Callum doesn’t typically worry about making the wrong choice, however. Most of his anxiety tends to stem when he feels like he has no choice. Thus, it sets Callum up to have a really interesting arc of reconciling these dualities rather than just retreading old steps. Viren had full agency when chasing after Aaravos; as Soren says to Claudia, “Dad is dead; you don’t have to do what he wants anymore,” believing that Claudia is merely picking up where Viren left off, not that she’s steamrolling their own father into it in order to save his life.
It’s one of the reasons that of all characters, Callum arguably also parallels Zym a great deal as well. Like Zym, he’s being treated like a thing and a weapon more than a person. Like Viren believed of Zym, Callum worries he may be forced into a terrible destiny. That:
Callum being possessed is still a form of manipulation, if not also a misdirect, forcing him into a desperate position that makes him even more vulnerable to Aaravos than he ever could’ve been otherwise. But it’s a different form of manipulation than how Aaravos lured in Viren, and a different form than how he’s manipulated Claudia the past two years. Aaravos is terrifying because he knows what strings to pull, not because he’s pulling the same strings every time. For a character with such a strong breath / mouth / freedom motif, being choked / being robbed of his voice / and of his freedom is the absolute biggest smack in the face. I’ve long mandated that the worst possible thing that would rattle Callum the most would be feeling like his mind was unsafe because of Aaravos, not his body.
Callum seeking Aaravos out in S4 of his own accord is thematically / narratively opposed to the possession plot line. The possession plot line is the ‘replacement’/subversion chosen, but it’s not a bug; it’s the feature.
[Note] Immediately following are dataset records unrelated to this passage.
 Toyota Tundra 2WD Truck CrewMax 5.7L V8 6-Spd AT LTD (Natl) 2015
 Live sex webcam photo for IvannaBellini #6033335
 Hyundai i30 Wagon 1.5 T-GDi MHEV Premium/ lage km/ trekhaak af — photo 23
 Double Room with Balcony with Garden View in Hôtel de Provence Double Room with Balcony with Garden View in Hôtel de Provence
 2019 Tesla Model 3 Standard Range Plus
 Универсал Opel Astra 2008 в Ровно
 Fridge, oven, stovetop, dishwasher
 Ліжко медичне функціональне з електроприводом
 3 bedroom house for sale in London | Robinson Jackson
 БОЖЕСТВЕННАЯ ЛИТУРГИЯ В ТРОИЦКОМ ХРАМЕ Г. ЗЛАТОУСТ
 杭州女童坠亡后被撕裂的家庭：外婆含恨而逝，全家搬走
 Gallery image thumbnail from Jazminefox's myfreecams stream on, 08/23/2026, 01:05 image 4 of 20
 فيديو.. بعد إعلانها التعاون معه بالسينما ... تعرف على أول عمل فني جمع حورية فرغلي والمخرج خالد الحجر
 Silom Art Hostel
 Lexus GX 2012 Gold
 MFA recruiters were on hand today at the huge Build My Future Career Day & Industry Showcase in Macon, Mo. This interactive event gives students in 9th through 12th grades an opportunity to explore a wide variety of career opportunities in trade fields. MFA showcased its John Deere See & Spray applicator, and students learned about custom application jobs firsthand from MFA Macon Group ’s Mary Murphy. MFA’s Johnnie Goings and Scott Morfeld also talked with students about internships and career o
It also sets Callum up to have a really interesting arc of battling for control, eventually winning it (S5 and/or S6) but still losing to Aaravos, making the wrong choice or call or being forced into something anyway while he’s cognizant enough to make a choice at all, anyway. It’d be empowering and demoralizing all at once.
But still not without any hope, since, after all:
Nothing is truly inevitable. Nothing is written in stone. It is never wholly too late, not for anyone. Aaravos just doesn’t know it yet - but Callum will be sure to show him, by S7 at the very least if not sooner.